* Goal of the exercise *
Please reproduce, exactly and with nothing else, every line from the one containing "Elegant Luxurious scarf" through the last line of the records below.

* Dataset records *
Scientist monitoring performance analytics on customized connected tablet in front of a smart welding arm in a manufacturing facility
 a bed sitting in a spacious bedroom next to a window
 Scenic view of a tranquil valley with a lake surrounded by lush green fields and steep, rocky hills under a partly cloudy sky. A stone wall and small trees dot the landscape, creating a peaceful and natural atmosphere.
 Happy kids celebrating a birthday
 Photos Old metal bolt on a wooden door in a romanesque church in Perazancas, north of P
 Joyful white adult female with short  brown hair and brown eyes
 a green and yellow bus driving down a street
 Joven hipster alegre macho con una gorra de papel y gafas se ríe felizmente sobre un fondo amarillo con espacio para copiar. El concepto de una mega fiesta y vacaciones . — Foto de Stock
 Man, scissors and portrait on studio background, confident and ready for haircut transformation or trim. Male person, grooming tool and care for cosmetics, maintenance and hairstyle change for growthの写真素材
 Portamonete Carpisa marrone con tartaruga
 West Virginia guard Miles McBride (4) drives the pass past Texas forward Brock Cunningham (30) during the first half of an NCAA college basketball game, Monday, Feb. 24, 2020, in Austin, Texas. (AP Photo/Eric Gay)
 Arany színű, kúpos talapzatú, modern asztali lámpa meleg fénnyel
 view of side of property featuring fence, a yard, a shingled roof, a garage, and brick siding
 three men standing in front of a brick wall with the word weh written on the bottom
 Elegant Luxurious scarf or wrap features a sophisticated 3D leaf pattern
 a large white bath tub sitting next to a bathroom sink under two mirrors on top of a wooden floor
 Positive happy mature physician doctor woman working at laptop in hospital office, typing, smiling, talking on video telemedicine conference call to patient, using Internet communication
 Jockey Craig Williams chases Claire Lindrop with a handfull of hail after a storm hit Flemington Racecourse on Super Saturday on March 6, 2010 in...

* Expected output *
 Elegant Luxurious scarf or wrap features a sophisticated 3D leaf pattern
 a large white bath tub sitting next to a bathroom sink under two mirrors on top of a wooden floor
 Positive happy mature physician doctor woman working at laptop in hospital office, typing, smiling, talking on video telemedicine conference call to patient, using Internet communication
 Jockey Craig Williams chases Claire Lindrop with a handfull of hail after a storm hit Flemington Racecourse on Super Saturday on March 6, 2010 in...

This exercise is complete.